Once years ago I was hunting with the publisher-owner of Gun Dog Magazine, who was from Iowa. Back then there was no dove season in Iowa; we were hunting a harvested grain field in Missouri and he had a friend along. His friend sat at the edge of the field and killed five doves with his first five shots. Then he commented, “I always heard doves were hard to hit, but heck, this is no challenge at all.”
The fourth member of our group was a Corps of Engineer Ranger who had hunted doves since he was a boy. He could scarcely be heard from his hiding place a few yards away. But I smiled when I heard him mutter to himself… “He’ll regret saying that!”
Sure enough, our newcomer from Iowa missed the next 7 shots. That’s a lot the way dove hunting is. Sometimes they aren’t too hard to hit, and then you see a few winged acrobats and wish you’d have a bigger shot pattern.
Many of the old timers I knew were river-men who hunted most everything… but not doves. Some of that attitude came from believing that God had designated the dove as a bird of peace. When grizzled old veteran hunters and trappers felt that way it was usually because they had mothers and wives who recoiled against the idea of shooting a dove. But usually they just didn’t have the guns to do it.
In that time I remember many of them never bought a full box of shotgun shells. You might get 10 or 12 but never a full box. It cost too much. And there was common sense to it. You didn’t go out there with a Winchester model-97 long-barreled pump shotgun with a full choke in it and shoot at doves. There was no good reason to spend two or three shells on a bird that only provide one man about 1/5th of a meal, even if he had poke salad and beans and cornbread to go with it. Dove hunters sort of sprang from quail hunting… men who used open-choked short-barreled shotguns and a little bit of money to buy shells with. They could afford game vests and supporting a good setter or pointer, which required more food and upkeep than a beagle or a coonhound.
But personally I am losing interest in dove hunting because on September 1 every year is hot and muggy and my hunting partner, Bolt the Labrador, don’t like getting out there in the weeds if there is no water close. Now, hunting over water-holes in the evening is another story. We don’t mind that so much, and we might do that a couple of weeks after everyone else has quit hunting them.
But I have seen a few dove fledglings in nests in early September. If I were setting dove seasons in the southern reaches of the Midwest I would set the dove season’s opening date back to Sept. 21. It makes sense, fewer nestlings wasted, a cooler time when more doves are migrating down from the north. If that makes sense to you, you might see when the season on doves ends and make a late season trip to a grain field or water hole.

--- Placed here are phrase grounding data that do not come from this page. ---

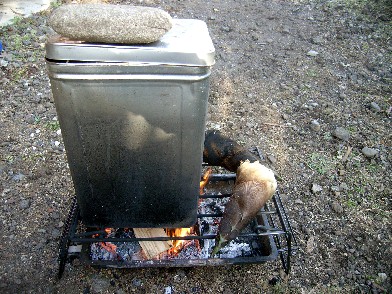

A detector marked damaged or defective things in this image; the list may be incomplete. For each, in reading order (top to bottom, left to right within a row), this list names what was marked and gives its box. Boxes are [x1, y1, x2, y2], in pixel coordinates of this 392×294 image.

burnt wood piece [202, 130, 260, 171] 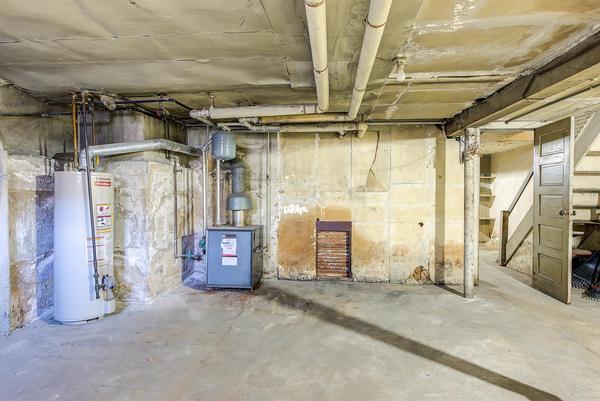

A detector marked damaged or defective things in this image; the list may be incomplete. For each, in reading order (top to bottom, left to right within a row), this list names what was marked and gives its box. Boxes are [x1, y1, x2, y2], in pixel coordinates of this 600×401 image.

rusty louvered metal panel [314, 219, 352, 278] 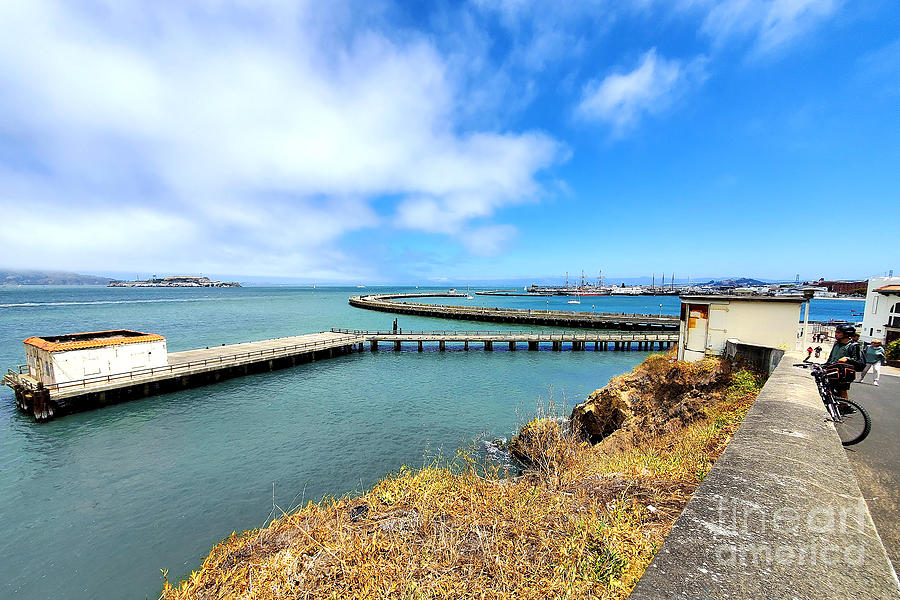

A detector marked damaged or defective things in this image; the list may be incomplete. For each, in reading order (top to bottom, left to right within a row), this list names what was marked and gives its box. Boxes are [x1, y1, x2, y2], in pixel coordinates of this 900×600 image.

building's rusty roof [23, 330, 165, 354] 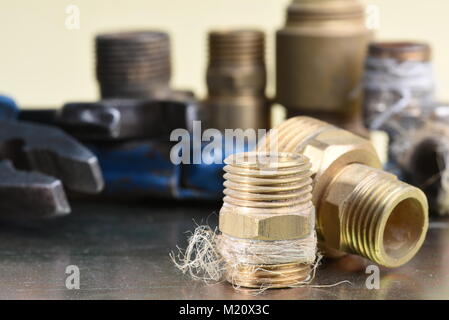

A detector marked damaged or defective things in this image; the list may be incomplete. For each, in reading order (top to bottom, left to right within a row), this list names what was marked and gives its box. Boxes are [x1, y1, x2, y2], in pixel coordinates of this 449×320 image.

rusty tool head [0, 121, 103, 219] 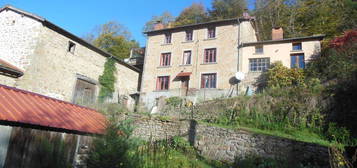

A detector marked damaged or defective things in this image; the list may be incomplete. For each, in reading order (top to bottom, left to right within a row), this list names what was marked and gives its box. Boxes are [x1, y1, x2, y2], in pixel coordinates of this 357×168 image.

Before I go I just have to pass on a conversation I had with a lady who wasn’t all that fond of hunters. She said that I ought to be ashamed of myself for hunting God’s bird of peace, the dove. I told her that I was indeed a little ashamed of that, but she had morning doves confused with the birds of peace discussed in the Bible. They were different birds, I assured her, but not a lot different than the quail God provided for the Israeli’s in the desert. Those birds of peace were white and they didn’t get trichomoniasis. She looked at me for a minute and then wanted to know what that big word meant. I told her about that, an awful mass which grows inside the throat of mourning doves and their fledglings, which cause them to die a slow death because they can’t swallow food. She looked skeptical, so I told her about how some northern doves actually do not migrate and many freeze to death or have toes frozen off.
I told her how our Great Creator allows doves to be caught and eaten by hawks and cats while they were still alive. “You don’t have any cats do you?” I asked. She didn’t answer. Then I said, “You know ma’m, doves can’t feed on standing grain, they have to have grain on the ground to walk around and feed that way. So I am going to buy a bunch of wheat and sunflower seed to feed them through the awful cold months of the winter, and if you would like to help them just give me a 20 dollar bill and I’ll use it for more seed.” She looked at me and smiled a little and said, “You are a bit of a shyster aren’t you?”
I told her that indeed I was, and she told me she was going to get on the computer and find out if all that stuff I said was the truth. But when I asked if she’d like to try some baked doves with gravy, she kindly declined…. and frowned a bit at the thought of it.
Outdoor notes… The recent cool weather will send the blue-winged teal into the lower Midwest. There is a special hunting season for them in September. They are the earliest migrators of the waterfowl species, a harbinger of the true fall season.